STOLTZ v. McCONNON

362 A.2d 1121, 26 Pa. Commw. 82, 1976 Pa. Commw. LEXIS 1188
CourtCommonwealth Court of Pennsylvania
DecidedAugust 11, 1976
DocketAppeals, 1645, 1647 and 1648 C.D. 1975
StatusPublished
Cited by8 cases

This text of 362 A.2d 1121 (STOLTZ v. McCONNON) is published on Counsel Stack Legal Research, covering Commonwealth Court of Pennsylvania primary law. Counsel Stack provides free access to over 12 million legal documents including statutes, case law, regulations, and constitutions.

Bluebook
STOLTZ v. McCONNON, 362 A.2d 1121, 26 Pa. Commw. 82, 1976 Pa. Commw. LEXIS 1188 (Pa. Ct. App. 1976).

Opinions

Opinion by

Judge Rogers,

When members of bodies politic charged with conducting essential public services fall out among themselves, the litigation which it seems must inevitably follow always has two features in common with all other such political contests at law. The first is a surfeit of lawsuits intended, no doubt, to demonstrate the magnitude and sincerity of each faction’s outrage at the alleged falsity, if not wickedness, of.'the other’s actions. The second common characteristic of this kind of litigation is that the principal issue raised by the excess of actions, if not always easy to decide, is invariably simple.

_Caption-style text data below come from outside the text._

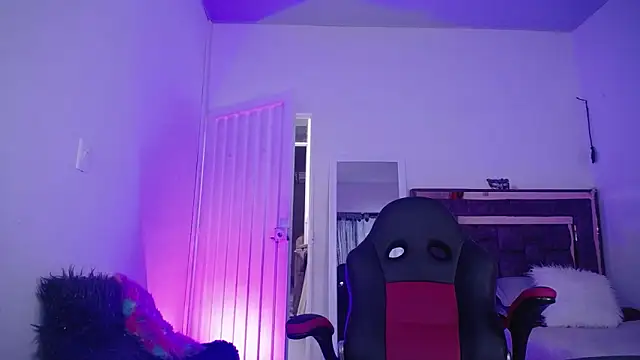 Snapshot of alejandrafitt chatting on 10/22/25, 09:25 alejandrafitt online show from 10/22/25, 09:25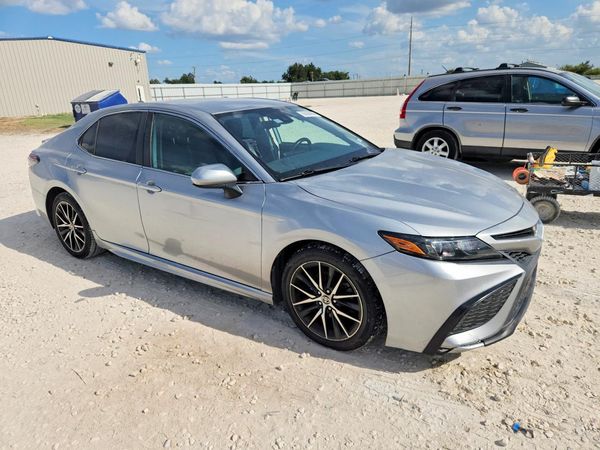 2021 TOYOTA CAMRY — Passenger 3/4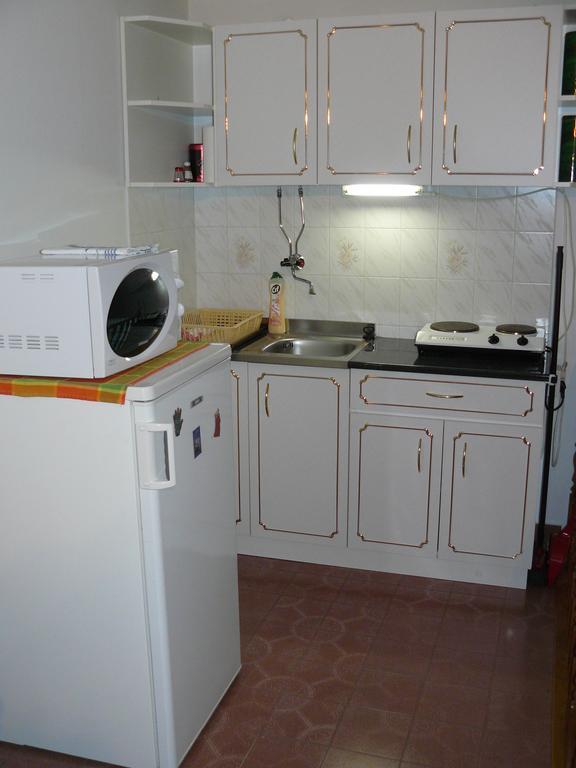 Zsuzsi Apartman Apartamento Zalakaros Quarto foto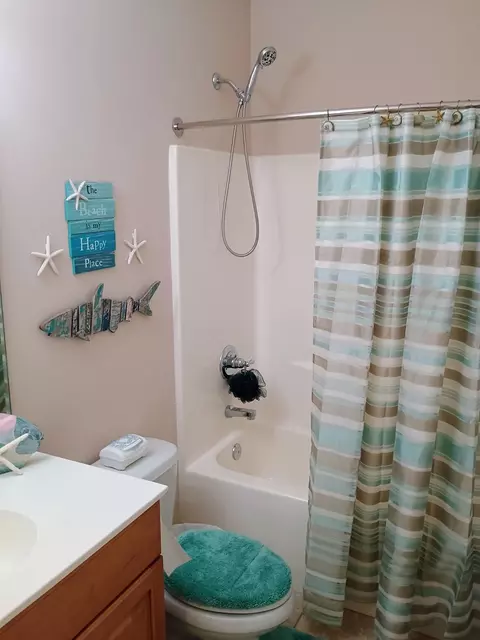 Bath - 811 Bruce Ave, Carrabelle, FL 32322 photo 2 of 5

The public body here involved is the Southeastern Pennsylvania Transportation Authority. SEPTA, as this Authority is known, was created by the Counties of Bucks, Chester, Delaware and Montgomery and the City of Philadelphia by allowance of the Metropolitan Transportation Authorities Act of 1963, Act of August 14, 1963, P.L. 984, as amended, 66 P.S. §2001 et seq., hereinafter referred to as MTAA. The name given to this piece of legislation is something of a misnomer, because the Act permits the creation of only one Authority. The territory in which an Authority created may operate is expressly limited to that described by the boundaries of a County of the First Class and all other counties located within twenty miles of such First Class County. Philadelphia is the Commonwealth’s only County of the First Class and Bucks, Chester, Delaware and Montgomery Counties are the only municipalities within twenty miles of Philadelphia.

MTAA was an outgrowth of the earlier, highly effective and most amicably executed compact or writ[85]*85ten agreement entered into among Bucks, Chester, Montgomery and Philadelphia Counties called SE-PACT. Under and by means of SEP ACT, the constituent counties contributed their own money and obtained larger sums by grant of the Federal government which enabled it to prevent the shutdown of the railway commuter lines in the Philadelphia area whose financially distressed owners, the Pennsylvania and the Reading Railroad Companies, could no longer stand the enormous and continuous losses from those operations.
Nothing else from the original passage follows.